REQUIRED WORK
Look below and pull out each line with the word "Cover".

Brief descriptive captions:

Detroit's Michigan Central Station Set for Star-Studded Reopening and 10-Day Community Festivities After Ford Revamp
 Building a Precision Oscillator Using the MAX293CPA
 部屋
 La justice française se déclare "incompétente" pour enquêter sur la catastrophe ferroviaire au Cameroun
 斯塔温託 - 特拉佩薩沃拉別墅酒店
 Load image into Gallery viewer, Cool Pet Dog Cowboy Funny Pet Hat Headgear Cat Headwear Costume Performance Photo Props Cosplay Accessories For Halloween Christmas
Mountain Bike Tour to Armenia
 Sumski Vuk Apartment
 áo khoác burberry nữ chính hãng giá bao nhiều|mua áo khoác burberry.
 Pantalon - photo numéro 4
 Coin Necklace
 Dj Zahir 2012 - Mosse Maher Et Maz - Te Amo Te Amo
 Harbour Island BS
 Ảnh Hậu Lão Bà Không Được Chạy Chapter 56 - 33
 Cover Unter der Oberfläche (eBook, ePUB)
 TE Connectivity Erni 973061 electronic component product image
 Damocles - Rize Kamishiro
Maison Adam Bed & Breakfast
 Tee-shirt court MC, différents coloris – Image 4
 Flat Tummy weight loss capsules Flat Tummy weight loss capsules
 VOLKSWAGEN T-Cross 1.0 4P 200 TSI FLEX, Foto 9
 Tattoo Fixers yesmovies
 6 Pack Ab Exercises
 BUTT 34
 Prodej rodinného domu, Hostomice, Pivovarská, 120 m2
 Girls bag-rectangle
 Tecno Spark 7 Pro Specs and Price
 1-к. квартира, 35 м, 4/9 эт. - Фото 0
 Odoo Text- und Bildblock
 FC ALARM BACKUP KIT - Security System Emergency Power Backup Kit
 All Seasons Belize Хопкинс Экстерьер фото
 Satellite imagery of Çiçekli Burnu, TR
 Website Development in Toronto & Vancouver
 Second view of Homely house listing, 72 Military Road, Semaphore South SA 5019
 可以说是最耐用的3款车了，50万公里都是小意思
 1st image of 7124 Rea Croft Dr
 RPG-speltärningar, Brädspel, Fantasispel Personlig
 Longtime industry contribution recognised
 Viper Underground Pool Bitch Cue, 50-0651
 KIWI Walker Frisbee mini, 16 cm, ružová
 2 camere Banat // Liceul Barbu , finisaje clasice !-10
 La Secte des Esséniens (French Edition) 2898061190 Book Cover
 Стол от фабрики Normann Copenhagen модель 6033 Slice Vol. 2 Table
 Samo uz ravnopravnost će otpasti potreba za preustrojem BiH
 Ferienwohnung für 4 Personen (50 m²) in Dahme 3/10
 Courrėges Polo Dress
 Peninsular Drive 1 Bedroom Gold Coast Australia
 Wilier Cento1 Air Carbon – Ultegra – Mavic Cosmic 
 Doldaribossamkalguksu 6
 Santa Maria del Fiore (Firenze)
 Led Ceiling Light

EXERCISE RESULT
 Cover Unter der Oberfläche (eBook, ePUB)
 La Secte des Esséniens (French Edition) 2898061190 Book Cover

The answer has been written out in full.